WILLIAM BUCKINGHAM MARTIN - Prominent among the citizens of this county is William Buckingham Martin. He was born in Blount county, Tennessee, in 1807, and is the son of an elder brother of the late Governor Martin of Tuscaloosa. His education was good, but not collegiate, and he prepared himself for a professional career at the bar. After practicing a short time, he came to this State, and opened an office in Jacksonville in 1834. Three years later he entered public life as a member of the general assembly from Calhoun, where he acquired at once a leading position. In 1839 he was elected solicitor, and held the office about two years. He was one of the four able members sent by Calhoun to the legislature of `1842, and was re-elected.

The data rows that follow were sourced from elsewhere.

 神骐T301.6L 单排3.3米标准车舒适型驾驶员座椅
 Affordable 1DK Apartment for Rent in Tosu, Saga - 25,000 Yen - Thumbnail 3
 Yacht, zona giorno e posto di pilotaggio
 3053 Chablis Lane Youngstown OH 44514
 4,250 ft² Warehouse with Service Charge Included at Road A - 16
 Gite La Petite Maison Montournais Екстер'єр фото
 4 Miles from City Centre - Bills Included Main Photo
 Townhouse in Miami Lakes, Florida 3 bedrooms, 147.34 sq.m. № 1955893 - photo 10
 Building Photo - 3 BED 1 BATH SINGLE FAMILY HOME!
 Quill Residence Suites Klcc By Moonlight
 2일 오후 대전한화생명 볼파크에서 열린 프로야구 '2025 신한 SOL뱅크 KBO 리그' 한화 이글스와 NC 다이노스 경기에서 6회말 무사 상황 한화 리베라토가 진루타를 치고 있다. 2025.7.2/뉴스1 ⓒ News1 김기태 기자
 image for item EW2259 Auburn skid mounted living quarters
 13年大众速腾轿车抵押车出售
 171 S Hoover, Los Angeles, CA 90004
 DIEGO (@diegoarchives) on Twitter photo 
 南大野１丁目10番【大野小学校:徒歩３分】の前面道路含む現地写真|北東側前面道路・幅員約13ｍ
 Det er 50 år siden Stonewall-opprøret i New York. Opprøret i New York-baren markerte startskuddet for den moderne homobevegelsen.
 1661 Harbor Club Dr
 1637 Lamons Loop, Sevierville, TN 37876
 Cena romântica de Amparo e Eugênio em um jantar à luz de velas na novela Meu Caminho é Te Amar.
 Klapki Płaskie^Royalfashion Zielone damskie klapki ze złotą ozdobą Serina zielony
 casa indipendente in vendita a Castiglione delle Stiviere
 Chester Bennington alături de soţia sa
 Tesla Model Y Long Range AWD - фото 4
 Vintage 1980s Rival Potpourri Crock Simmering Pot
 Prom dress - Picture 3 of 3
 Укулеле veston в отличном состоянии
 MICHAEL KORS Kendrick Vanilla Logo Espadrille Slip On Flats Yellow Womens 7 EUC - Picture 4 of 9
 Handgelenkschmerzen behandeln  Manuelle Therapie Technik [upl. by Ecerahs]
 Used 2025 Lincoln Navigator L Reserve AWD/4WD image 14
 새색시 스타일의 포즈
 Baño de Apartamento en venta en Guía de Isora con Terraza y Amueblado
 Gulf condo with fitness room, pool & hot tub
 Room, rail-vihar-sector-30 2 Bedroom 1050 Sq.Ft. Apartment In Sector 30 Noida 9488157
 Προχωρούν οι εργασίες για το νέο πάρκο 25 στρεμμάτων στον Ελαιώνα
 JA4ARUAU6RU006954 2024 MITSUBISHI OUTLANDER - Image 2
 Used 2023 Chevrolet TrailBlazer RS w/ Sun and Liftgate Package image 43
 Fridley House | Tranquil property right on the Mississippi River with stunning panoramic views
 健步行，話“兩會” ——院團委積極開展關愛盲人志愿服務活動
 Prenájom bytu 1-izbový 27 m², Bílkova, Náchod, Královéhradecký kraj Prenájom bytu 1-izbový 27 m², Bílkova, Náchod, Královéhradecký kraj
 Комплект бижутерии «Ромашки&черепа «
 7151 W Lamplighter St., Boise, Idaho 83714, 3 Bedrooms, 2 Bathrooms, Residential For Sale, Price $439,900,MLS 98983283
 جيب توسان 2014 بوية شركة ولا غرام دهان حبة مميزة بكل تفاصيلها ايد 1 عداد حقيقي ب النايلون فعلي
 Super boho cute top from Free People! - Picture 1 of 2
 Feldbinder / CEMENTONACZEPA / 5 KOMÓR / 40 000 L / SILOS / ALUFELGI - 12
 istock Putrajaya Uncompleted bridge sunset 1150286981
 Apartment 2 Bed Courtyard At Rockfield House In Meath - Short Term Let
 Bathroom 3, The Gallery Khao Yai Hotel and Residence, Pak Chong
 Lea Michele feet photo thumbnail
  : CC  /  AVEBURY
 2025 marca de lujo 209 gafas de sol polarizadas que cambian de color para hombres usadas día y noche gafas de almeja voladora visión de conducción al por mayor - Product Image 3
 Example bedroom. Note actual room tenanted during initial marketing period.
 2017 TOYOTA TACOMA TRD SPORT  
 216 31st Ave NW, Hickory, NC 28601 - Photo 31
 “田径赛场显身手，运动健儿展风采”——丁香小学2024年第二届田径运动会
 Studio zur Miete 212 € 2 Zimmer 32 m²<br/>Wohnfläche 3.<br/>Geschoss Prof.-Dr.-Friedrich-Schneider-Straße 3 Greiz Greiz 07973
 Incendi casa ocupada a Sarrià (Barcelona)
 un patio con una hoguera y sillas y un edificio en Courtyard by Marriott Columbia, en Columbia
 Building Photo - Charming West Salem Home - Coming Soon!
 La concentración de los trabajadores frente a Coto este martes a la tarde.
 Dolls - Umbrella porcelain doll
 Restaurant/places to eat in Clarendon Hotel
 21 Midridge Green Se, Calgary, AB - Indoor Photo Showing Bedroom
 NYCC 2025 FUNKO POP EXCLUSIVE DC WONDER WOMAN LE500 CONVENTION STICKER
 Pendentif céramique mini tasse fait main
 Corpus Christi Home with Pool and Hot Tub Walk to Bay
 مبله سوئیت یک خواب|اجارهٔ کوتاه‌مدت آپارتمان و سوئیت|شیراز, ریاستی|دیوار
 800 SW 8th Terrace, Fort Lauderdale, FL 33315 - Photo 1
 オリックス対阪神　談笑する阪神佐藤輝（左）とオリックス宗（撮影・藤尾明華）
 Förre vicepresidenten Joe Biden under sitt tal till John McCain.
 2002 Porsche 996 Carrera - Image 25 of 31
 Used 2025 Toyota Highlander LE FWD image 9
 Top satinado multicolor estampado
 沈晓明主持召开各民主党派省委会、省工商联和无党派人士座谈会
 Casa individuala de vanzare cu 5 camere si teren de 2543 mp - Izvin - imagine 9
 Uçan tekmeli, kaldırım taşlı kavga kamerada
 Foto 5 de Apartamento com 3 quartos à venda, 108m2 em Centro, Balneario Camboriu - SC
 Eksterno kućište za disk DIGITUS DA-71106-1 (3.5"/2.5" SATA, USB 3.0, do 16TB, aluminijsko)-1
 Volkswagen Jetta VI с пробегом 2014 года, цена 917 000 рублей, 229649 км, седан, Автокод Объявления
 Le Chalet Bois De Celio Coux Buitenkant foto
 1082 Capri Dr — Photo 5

In 1847 he was chosen to the State senate. In 1853 he was again elected to the senate, and was selected to preside over that body. He again represented Calhoun in the lower house in 1866, and was chairman of the judiciary committee. Since that time he has not taken official part in public affairs. He came to this county in 1866, and has practiced law in Gadsden.

Mr. Martin is possessed of popular manners, and highly sociable qualities. Nature has done much for him, and thirty years ago, no man of his age in Alabama had brighter prospects of a distinguished career; but, conscious of his superiority, the hare, Genius, slept, while plodding Mediocrity - the tortoise of the fable - won the race. It is related that a Huntsville editor sent an account to him: "W.B. Martin, debtor, to Philip Woodson, first six years subscription at $12. Please remit."

The reply was sent, "Stop my paper."

In answer the rule was quoted that no paper would be stopped till arrearages were paid. Mr. Martin wrote promptly: "Put me down as a subscriber for life." The paper was continued.

Mr. Martin married Miss Montgomery of Tennessee, and Captain James B. Martin, lately of Talladega, who died in Texas in 1870, was his son.